There may be modifiers of the object in a prepositional phrase: 

Examples:

  • She rented an apartment above a pet shop.
    (Above a pet shop is a prepositional phrase, and pet is a modifier of the object shop.)
  • We took shelter in a dark cave.
    (In a dark cave is a prepositional phrase, and dark is a modifier of the object cave.)
  • Last night, I dreamed she flew away on a witch's broom.
    (On a witch's broom is a prepositional phrase, and witch's modifies the object broom.)

 

A sentence can have two prepositional phrases.
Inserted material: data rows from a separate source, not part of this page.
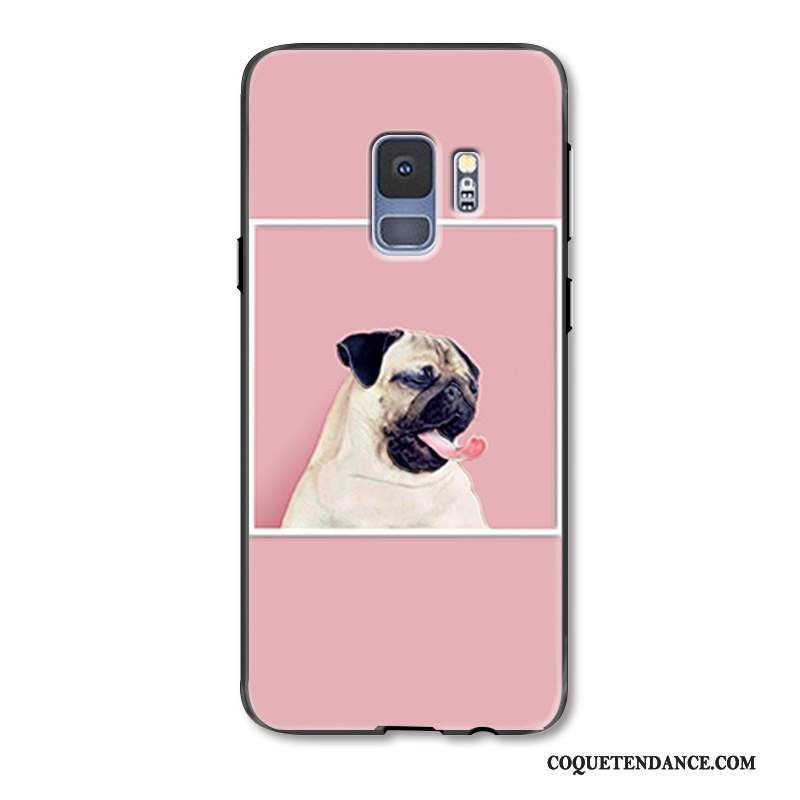 Samsung Galaxy S9+ Coque Chat Peinture Étui Charmant De Téléphone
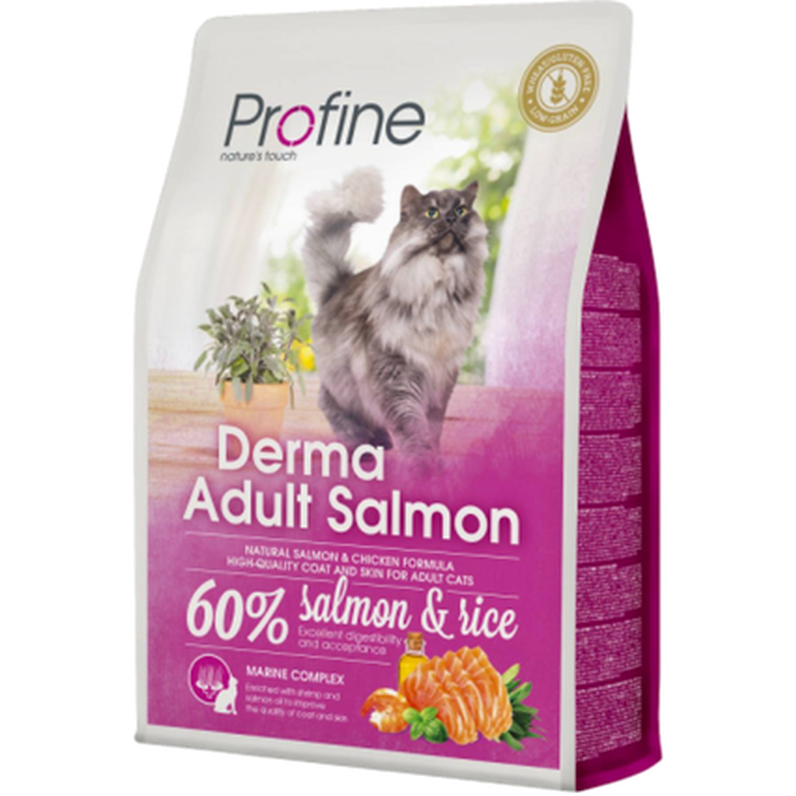 Profine - Cat Dry Food Derma Adult Salmon & Chicken 2kg - Katt - Kattfoder & kattmat - ZOO.se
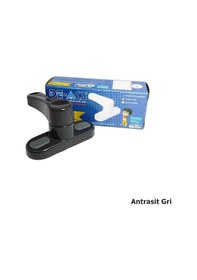 Resim 10 Adet Pvc Pencere Çocuk Emniyet Güvenlik Kilidi Çekmeli Antrasi 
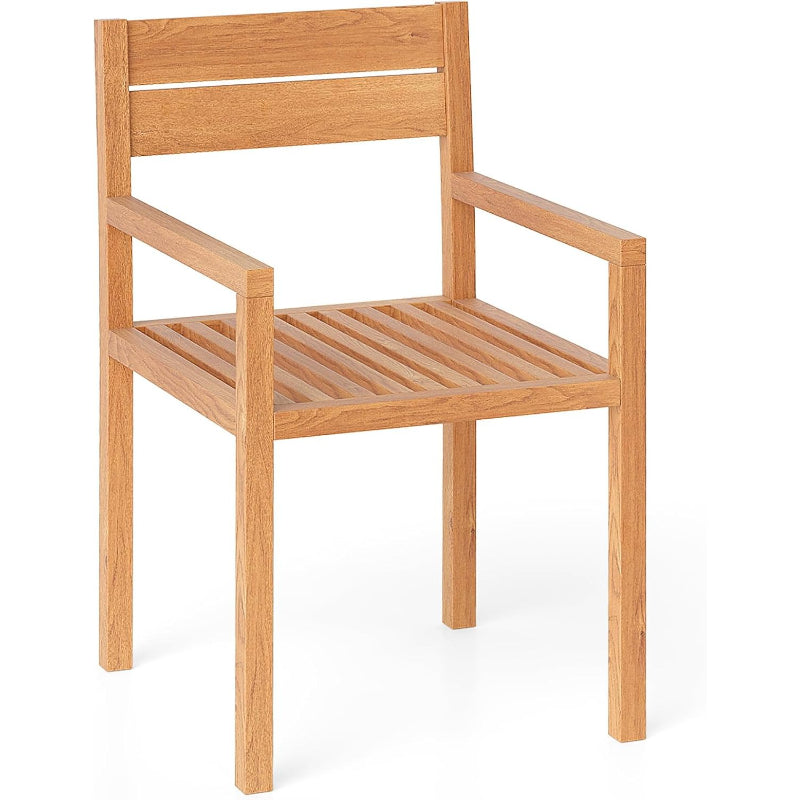Teak Outdoor Patio Dining Armchair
They may follow each other with their own objects.

Examples:

  • The farm lies on a hill above a lake.
  • We stayed in a cottage near a cemetery.
  • There are a few chicken eggs in that box of duck eggs.

 

Prepositional phrases (underlined) can be joined by coordinating conjunctions (in bold).

Examples:

  • We quarreled in the bedroom and in the kitchen.
  • We are going to dine on pasta or on fresh local fish.

 

A prepositional phrase may include another phrase. It can also be an adjective phrase or an adverbial phrase.

Examples:

  • We were the only passengers in the last night train.
    (The preposition is in, and the noun phrase is the last night train.)
  • The manager was a woman with thick glasses.
    (The preposition is with, and the adjective phrase is with thick glasses.)
  • He lost his car keys at the coffee bar.
    (The preposition is at, and the adverbial phrase is at the coffee bar.). 
  • The beach is a nice place for walking on barefoot.
    (The preposition is for, and the participial phrase is walking on barefoot.)